Either way since I have to run, getting to do so mostly pain-free is a gift that has seemed too much to ask for in recent years.

This seems especially important right now as I move further into the park, nudging past what I’ve recently felt capable of, hopeful and fearful, but pushing.

This not being in pain, or not much pain, this is different too, and I’m sure I am jinxing it, but yes, this makes me happy as well.

Meanwhile, Maron is talking about Adam Sandler and Judd Apatow, and their performance at Shandling’s wake, while also gearing-up for the actual interview with Rob Reiner.

I’m on the dirt path by the lagoon now, the sweat starting to trickle down my temples, my sideburns damp, the gaggles of geese, not ducks, looking at me, but leaving me alone.

One time when I was running along this same spot with then toddler Noah in the baby jogger I said, “Look at the ducks baby,” and another runner yelled, “They’re geese.”

It may be that I’m free associating as I give myself over to the enterprise that is the run. The mechanics of one step following another, neck, shoulders, hamstrings, calves loosening, thoughts flowing unencumbered by the day’s stressors. But I am reminded of another afternoon when a small group of goslings were following their mother and father across the path and as I drifted passed them, one of the parents came charging after me, wings flapping, beak open and primed to defend its charges.

It was scary, but it also made me smile in its moment of intense and relatable weirdness.

So, there is the sun, the non-pain, the geese and all of their concomitant memories, the idea that there will be long run, and there is me crossing Fullerton, sweat flowing, happy, Rob Reiner talking about his new movie.

This is good.

It may not be Los Angeles or the beach, and there may be no surfing, or burritos awaiting me at the end of the run, but I am out here, alive, and running, and there is goodness, just a different kind.

I pass the driving range and heading under Lake Shore Drive, deeper into the park, and I’m in it now, the run, and the moment.

What I am not doing is thinking about turning forty-eight, how I am once again weeks away from a birthday or what that means in a life now flying by me.

I am also not thinking about how I am not at work, not as I run along the golf course, still feeling good, just not wrapping around the end of it, or turning back and towards the lake, instead striding over to Cricket Hill as planned, step by step, knee good, as Rob Reiner reminisces about Norman Lear and All in the Family and being so young once, though not anymore.

I’m not young either, not really, nor am I in Los Angeles, even if I wish I could be there running along the beach again, everything making so much sense, the last time I remember feeling any real clarity.

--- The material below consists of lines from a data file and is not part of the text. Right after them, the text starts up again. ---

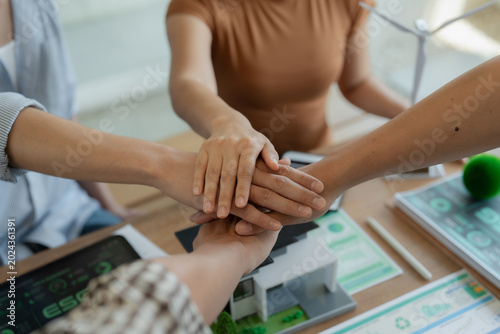 фотографія A close-up image of a group of business leaders shaking hands after completing a workshop on ESG strategic commitments and the Sustainable Development Goals report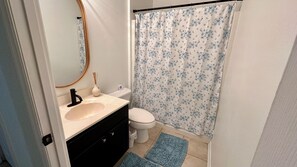 Bidet, towels, soap, toilet paper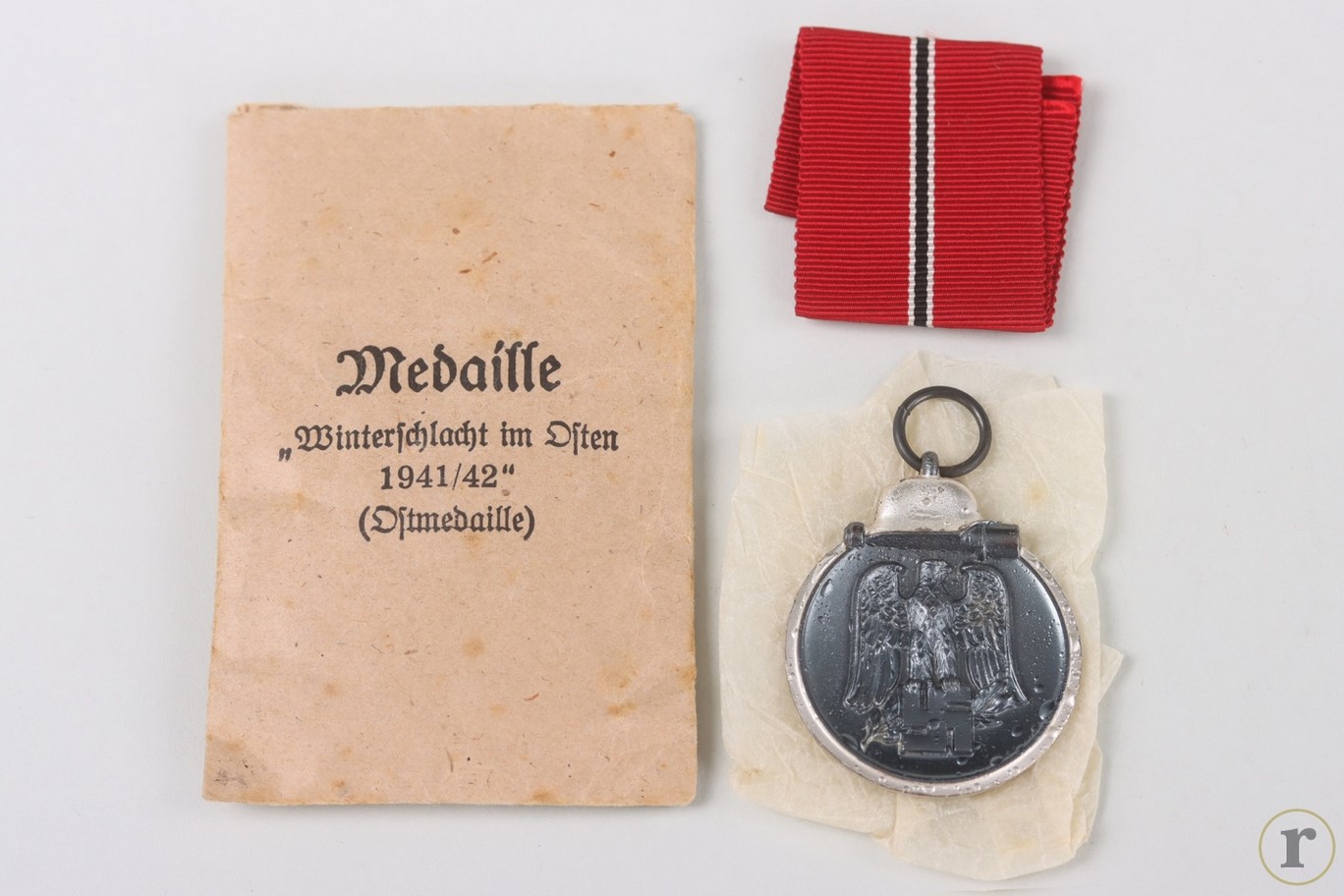 #73-1435 – East Medal with bag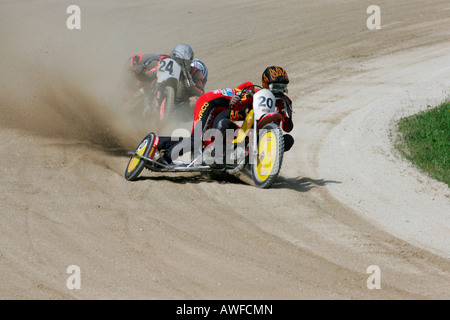 Motorcycle sidecars, international motorcycle race on a dirt track speedway in Muehldorf am Inn, Upper Bavaria, Bavaria, German Stock Photo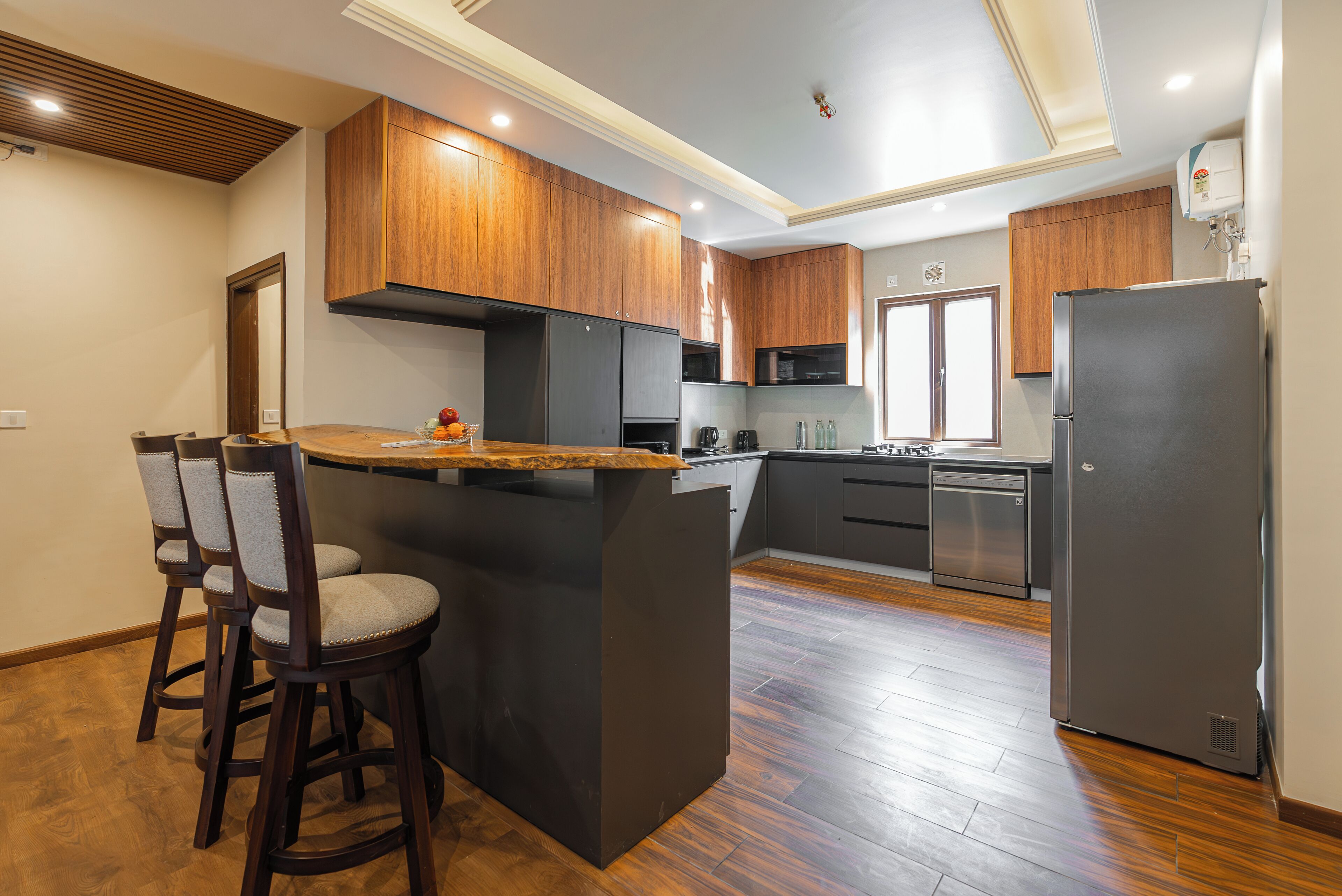 Una cocina moderna con armarios de madera, una isla central con taburetes de bar, un refrigerador y un lavavajillas.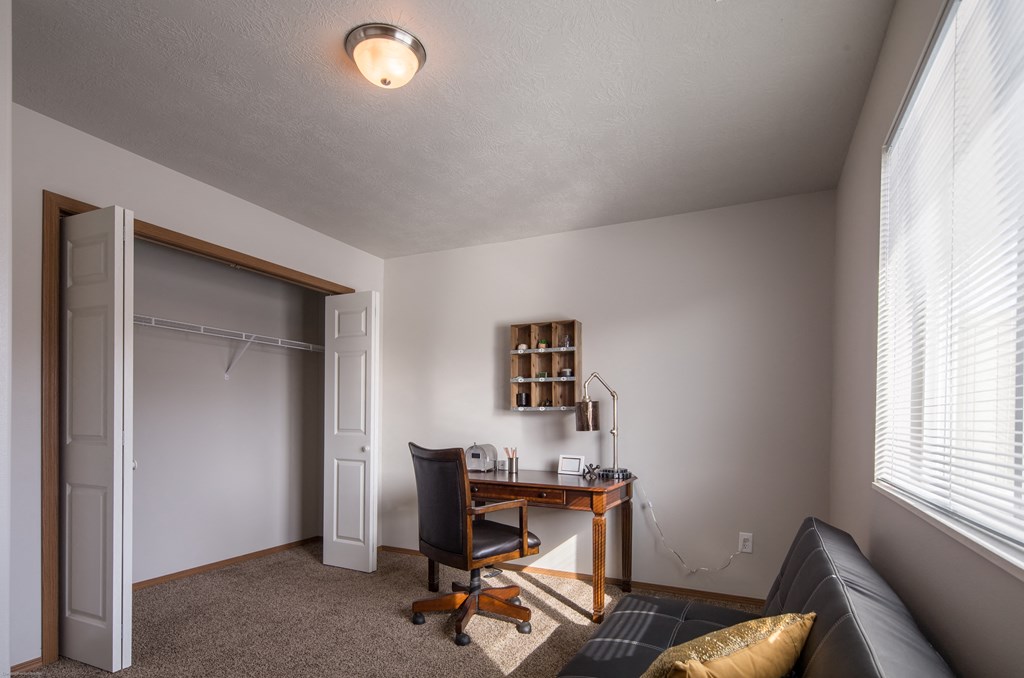 an office with a desk and a door to a closet
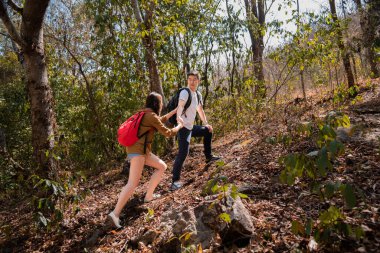 Young Asian tourists couple climbing on rock, man helping hand women hiking looking view beautiful nature outdoor. Partner or couple adventure travel together in forest summer stand on peak mountain
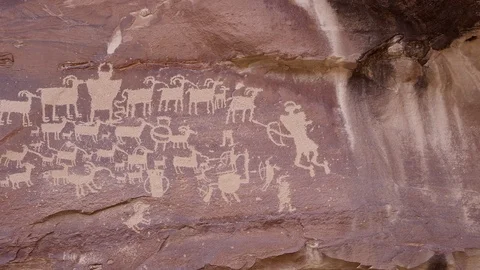 Close up panning view of The Great Hunt panel petroglyphs Stock Footage 108067070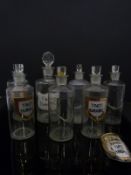 Six glass apothecary bottles with gilt labels (all 18cm tall) together with one similar (21cm tall)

Instead, I am loping around Cricket Hill, and the soccer players and the rugby games and the high-schoolers running laps, and it is still sunny and anything is still possible as I loop back around, along the backside of the golf course, and the lake.

I pass a family of raccoons, raccoons seem to be everywhere this spring, and today someone is feeding them and it seems like that must be a mistake, but what do I care about that as I cross into the woods and back onto the path.

I cannot care because I am escape and I am at the totem pole and there is just thirty minutes left in this run, an hour having passed just like that, and Rob Reiner is still in my head, talking about Spinal Tap and Stand By Me, and I am running and its getting dark, and I feel good, happy.

Why am I so focused on happy?

Because I’m not, not really, but I don’t want to forget all of that Los Angeles goodness, thinking about work, the space between work, building shit, traveling, and the need to force myself to say this is life, live it, enjoy it.

Be Shandling.

It’s just that’s it all fucked now.

There is a new boss.

He didn’t want telecommuting or any work from home, and I fought it, but I said fine.   He didn’t want me to teach during the workday and I fought that too, but again, I said fine.

I tried to manage-up, to engage him, to be positive and forward thinking, strategic, things I’m so good at, but he ignored me, and then he told me there were redundancies, that I was the redundancy, and that I had to go, now, email shut-off, turn-in my elevator key and door card.

I am no longer wanted.

Seventeen years.

That’s how long I held that job.

I had three other bosses along the way, all of whom I found ways to strive under, and not just strive, but excel.

I don’t feel panicked, yet, and there is even relief, which I feel guilty about.

But I don’t know what comes next.

I spent so much time planning and thinking before all of this, trying to make sense of what ought to come next, I just didn’t figure anything out.

When I was in Los Angeles things seemed like they might just make sense for the first time in a long time.

There is work and there is the cool stuff – travel and writing, books and conferences – and it may not look just like I want it to, but I could embrace it anyway, and I could also do less while doing so, focusing on what works, and what makes me happy.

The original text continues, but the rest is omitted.